» Data extract
--*--

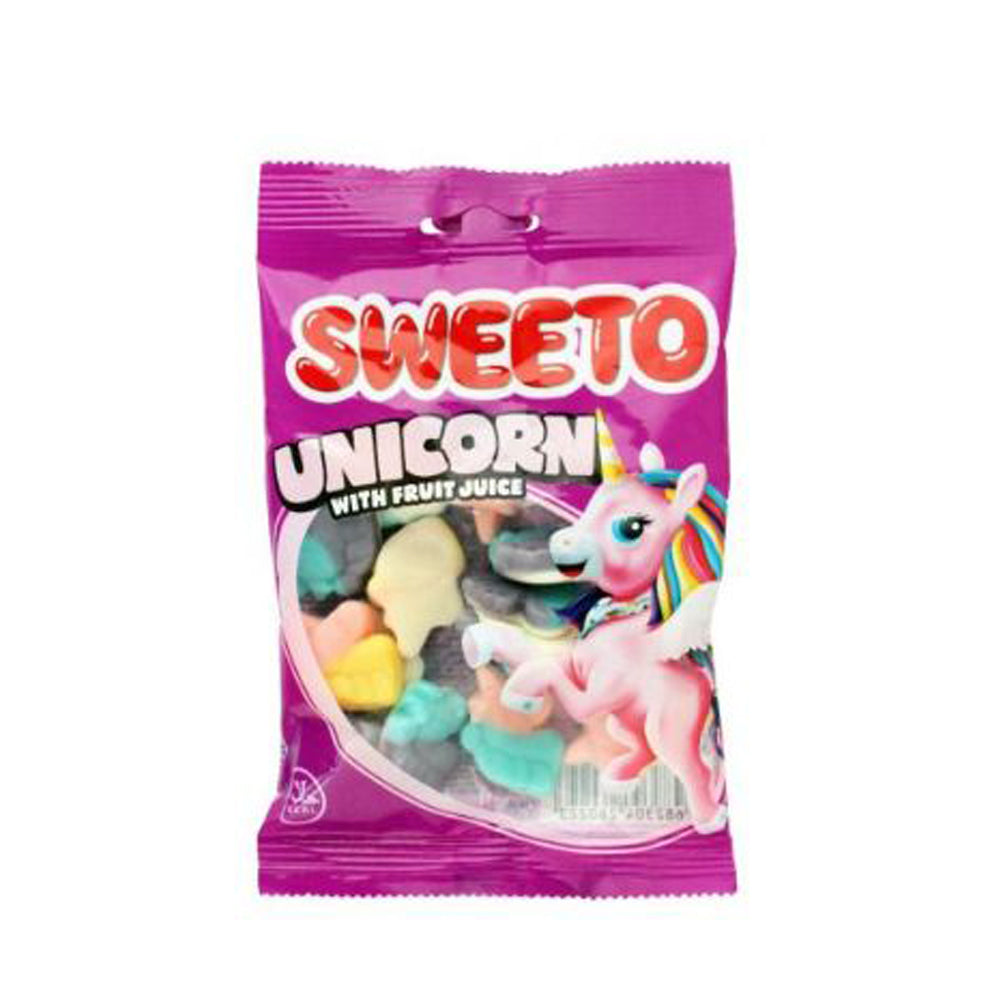 Sweeto - Unicorn Gummies - 80g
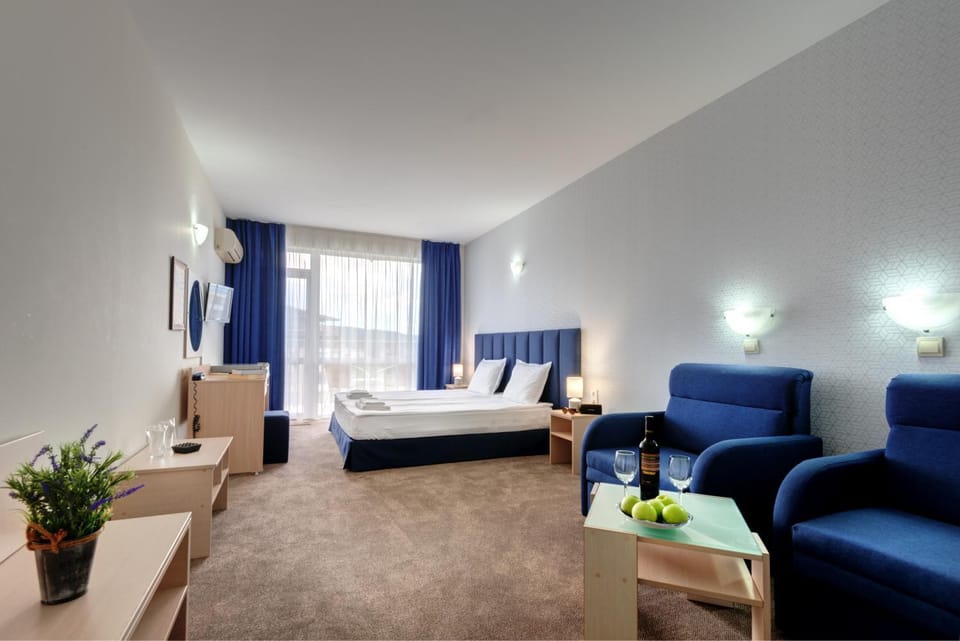 хотел Свети Николай Приморско Hotel in Burgas Province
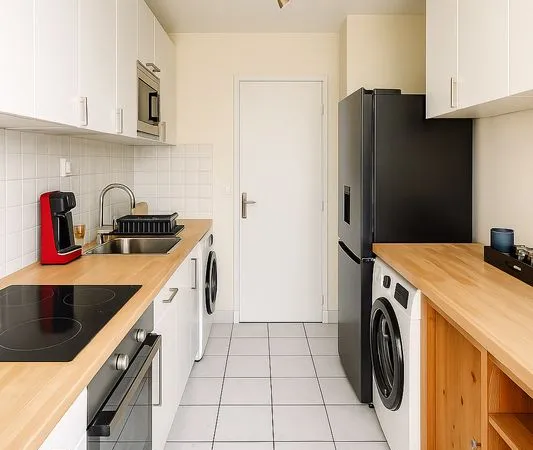 🔥 Colocation rénovée - Orvault - 3 chambres dispo IMMÉDIATEMENT 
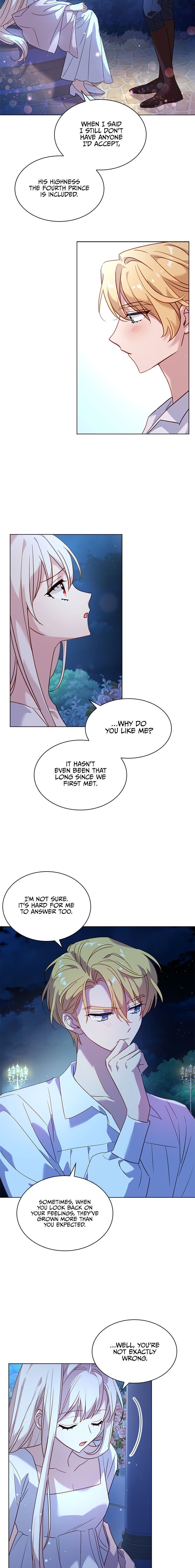 The Lady Wants to Rest chapter 36 page 11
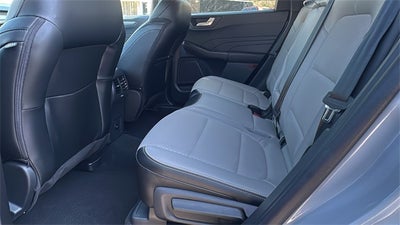 2025 Ford Escape Plug-In Hybrid Base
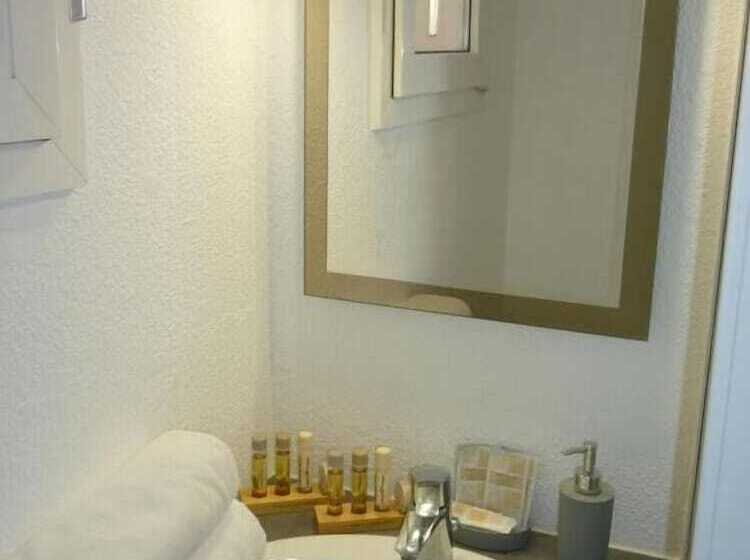 酒店 Les Jardins Du Golf   Mandelieu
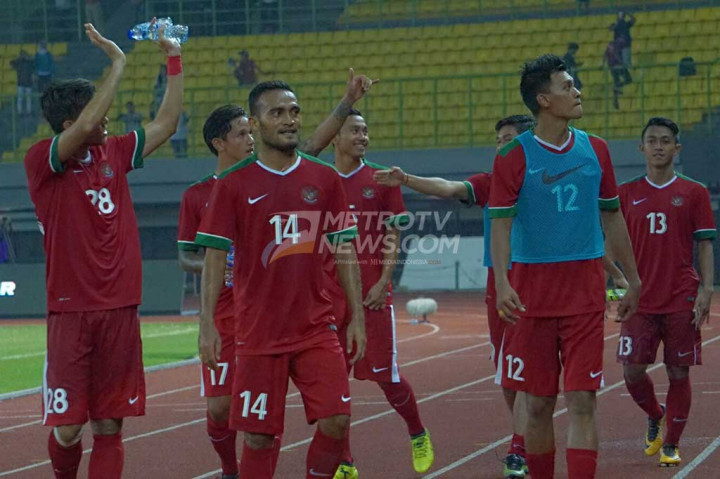 Namun meskipun kehadiran mereka menambah variasi serangan Timnas yang mendatangkan peluang demi peluang, tapi kedudukan tidak berubah hingga pertandingan usai. MTVN/Kautsar Halim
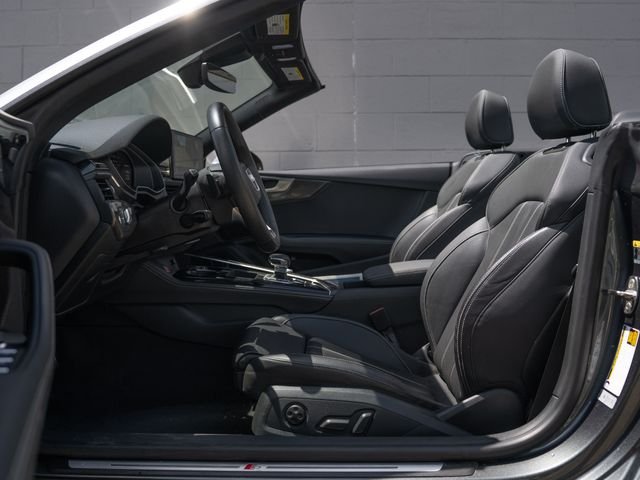 Used 2021 Gray Audi 3.0T Prestige image 17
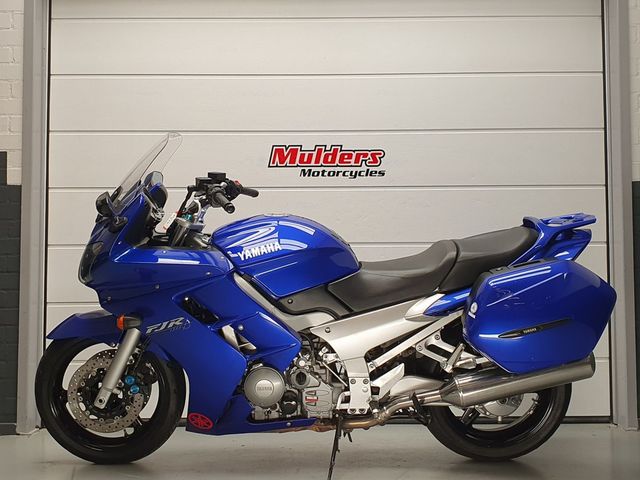 yamaha - fjr-1300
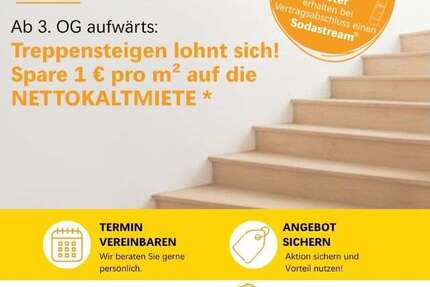 Wohnung Dessau-Roßlau Roßlau - 1 Zimmer, 40 m&sup2;, 362&euro; | Angebot:26946871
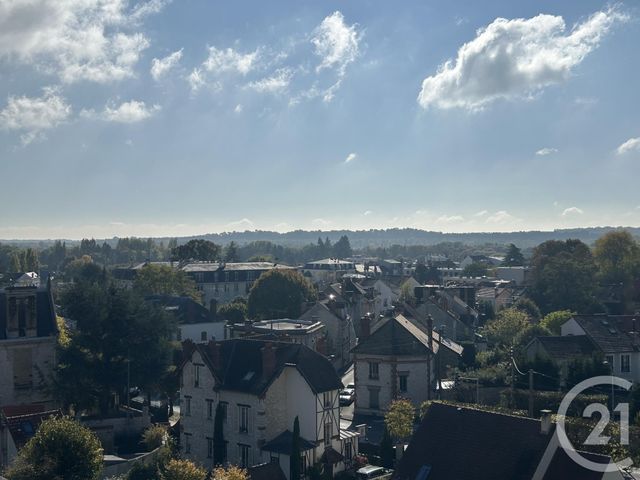 Appartement à vendre - 5 pièces - 74,79 m2 - Fontainebleau - 77 - ILE-DE-FRANCE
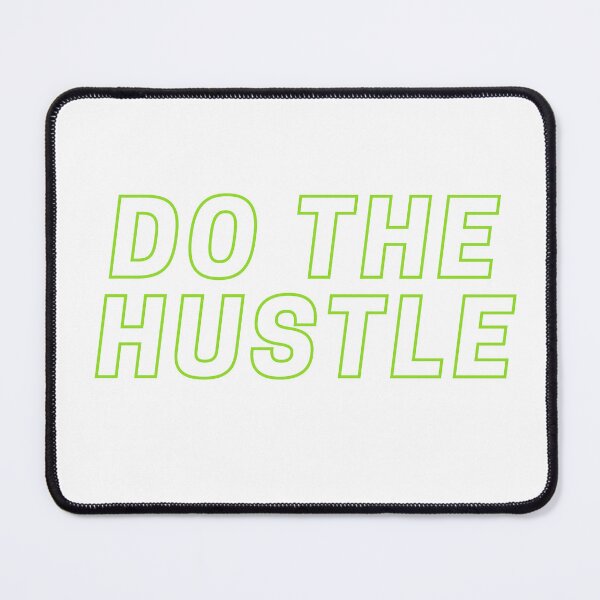 Item preview, Do The Hustle designed and sold by flying-flamingo.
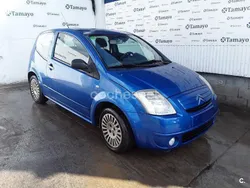 Azul Usado 2007 Citroën C2 Utilitario | 3700 € (Precio justo)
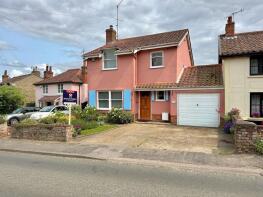 Oak Cottage, High Street, Ufford IP13 6EL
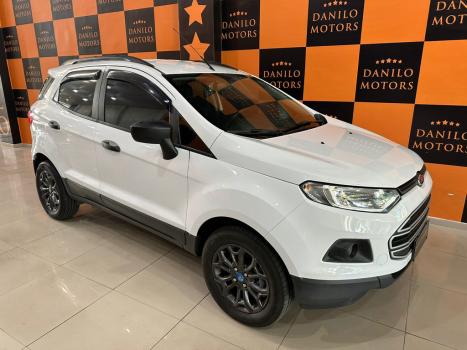 FORD Ecosport 2.0 4P SE FLEX AUTOM�TICO, Foto 4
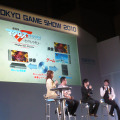 【TGS 2010】「『ガンダム無双3』は伊達じゃない！」新作ロボットゲームスペシャルステージは大盛り上がり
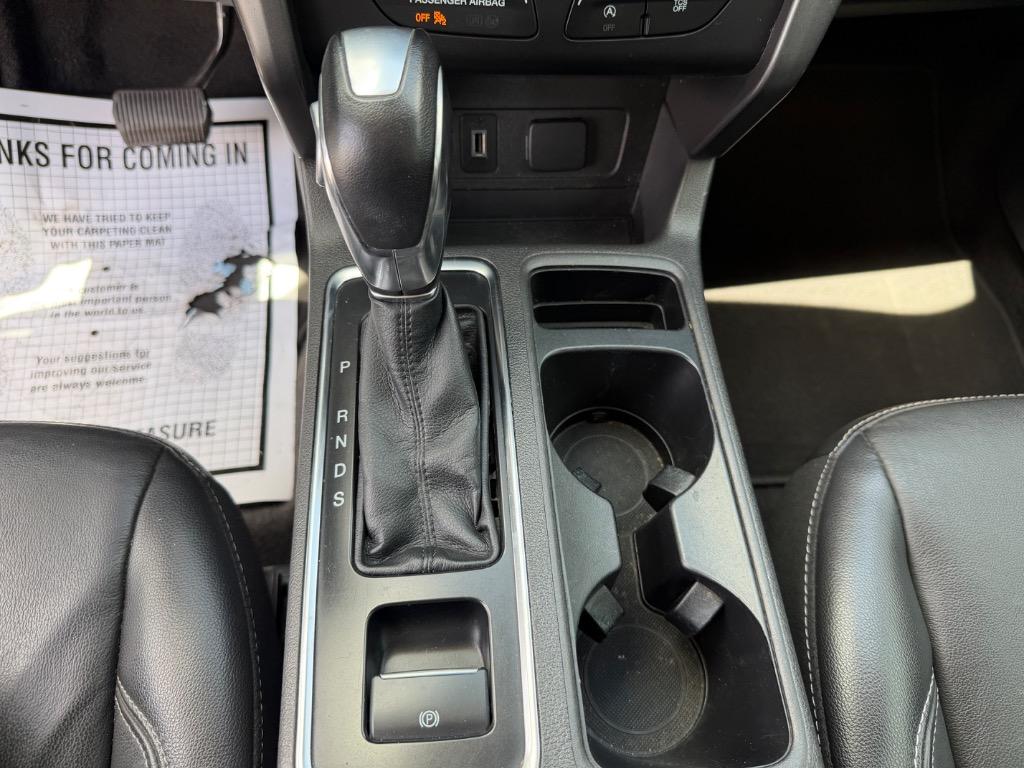 2018 Ford Escape - $9,990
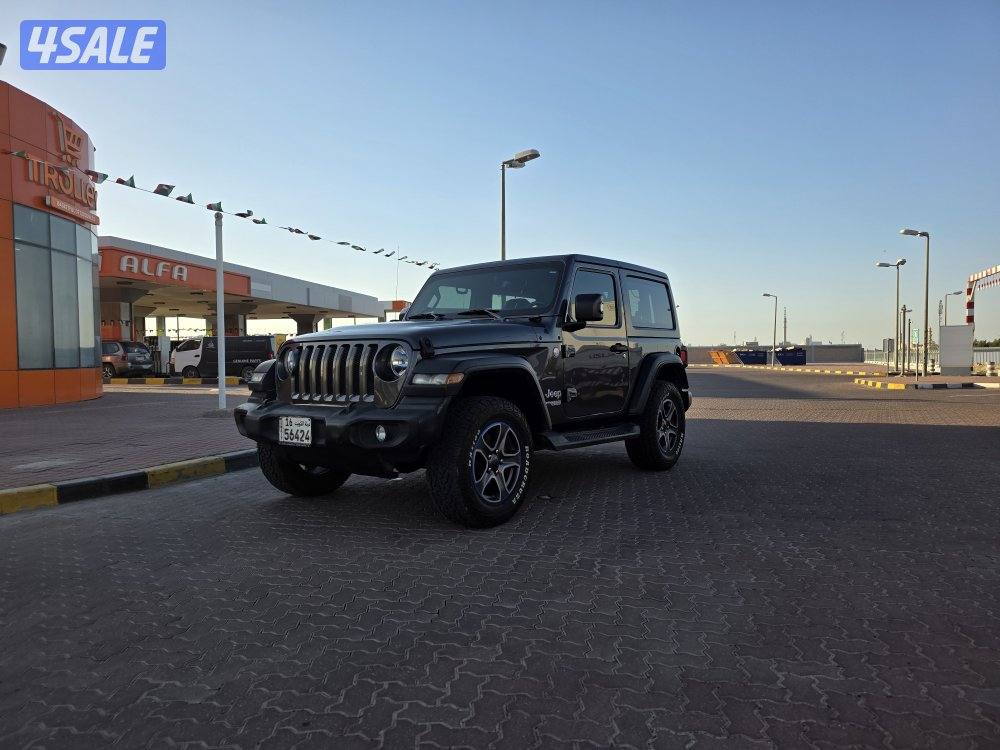 رانجلر/رانقلر 2018 القصه اليديده1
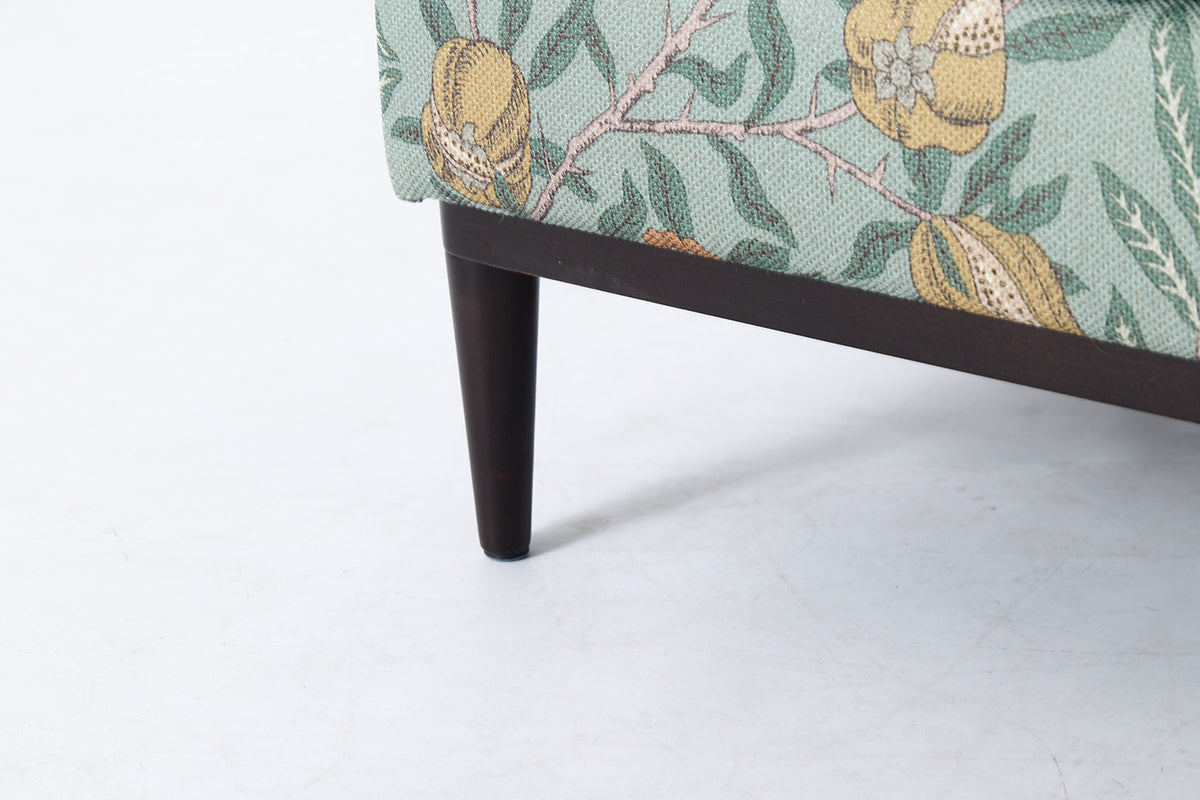 Model 02 Ottoman, Fruit
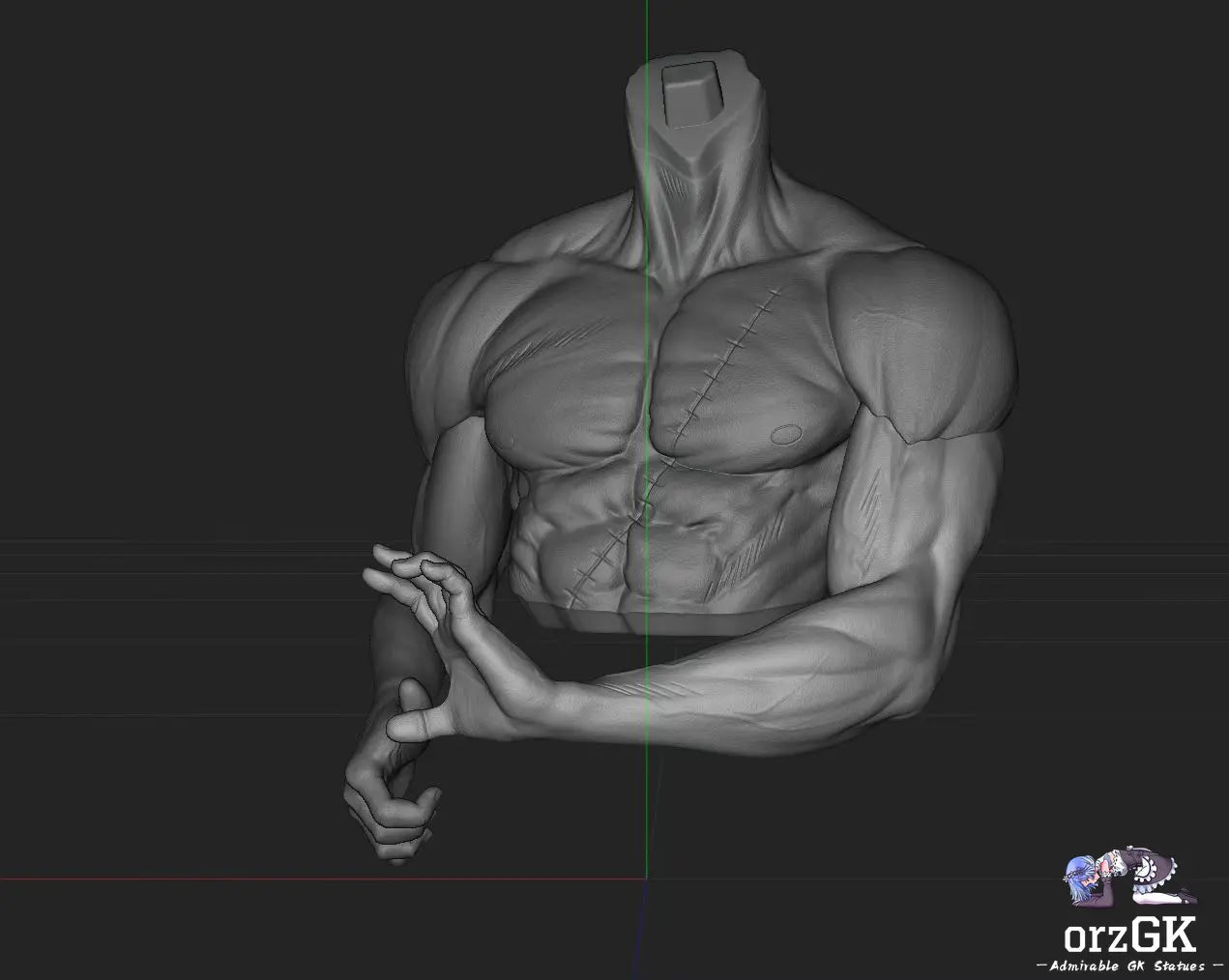 Jinshan Studio & ZORO Studio - One Piece Roronoa Zoro Series #1 Battōjutsu Roronoa Zoro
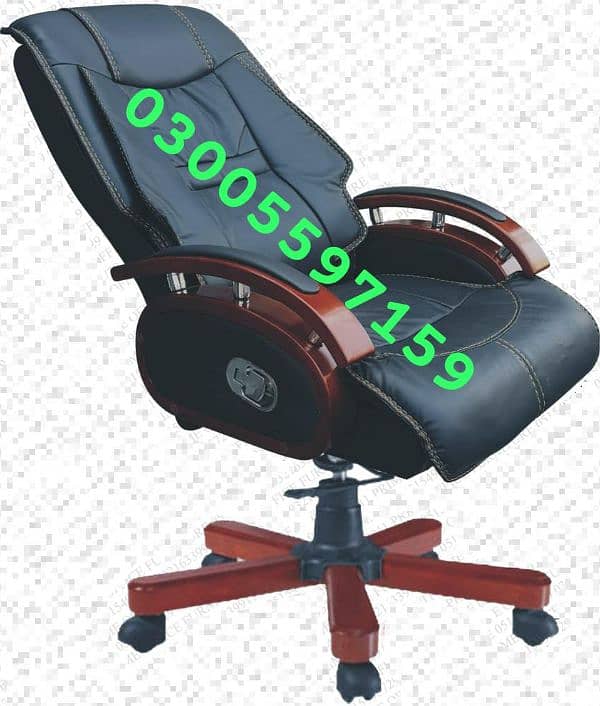 Office Ceo chair revolving gaming computer furniture table desk guest 12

--*--

» What the task requires
Apart from the pictures, return every entry above exactly as given.

» Expected answer
 Sweeto - Unicorn Gummies - 80g
 хотел Свети Николай Приморско Hotel in Burgas Province
 🔥 Colocation rénovée - Orvault - 3 chambres dispo IMMÉDIATEMENT 
 The Lady Wants to Rest chapter 36 page 11
 2025 Ford Escape Plug-In Hybrid Base
 酒店 Les Jardins Du Golf   Mandelieu
 Namun meskipun kehadiran mereka menambah variasi serangan Timnas yang mendatangkan peluang demi peluang, tapi kedudukan tidak berubah hingga pertandingan usai. MTVN/Kautsar Halim
 Used 2021 Gray Audi 3.0T Prestige image 17
 yamaha - fjr-1300
 Wohnung Dessau-Roßlau Roßlau - 1 Zimmer, 40 m&sup2;, 362&euro; | Angebot:26946871
 Appartement à vendre - 5 pièces - 74,79 m2 - Fontainebleau - 77 - ILE-DE-FRANCE
 Item preview, Do The Hustle designed and sold by flying-flamingo.
 Azul Usado 2007 Citroën C2 Utilitario | 3700 € (Precio justo)
 Oak Cottage, High Street, Ufford IP13 6EL
 FORD Ecosport 2.0 4P SE FLEX AUTOM�TICO, Foto 4
 【TGS 2010】「『ガンダム無双3』は伊達じゃない！」新作ロボットゲームスペシャルステージは大盛り上がり
 2018 Ford Escape - $9,990
 رانجلر/رانقلر 2018 القصه اليديده1
 Model 02 Ottoman, Fruit
 Jinshan Studio & ZORO Studio - One Piece Roronoa Zoro Series #1 Battōjutsu Roronoa Zoro
 Office Ceo chair revolving gaming computer furniture table desk guest 12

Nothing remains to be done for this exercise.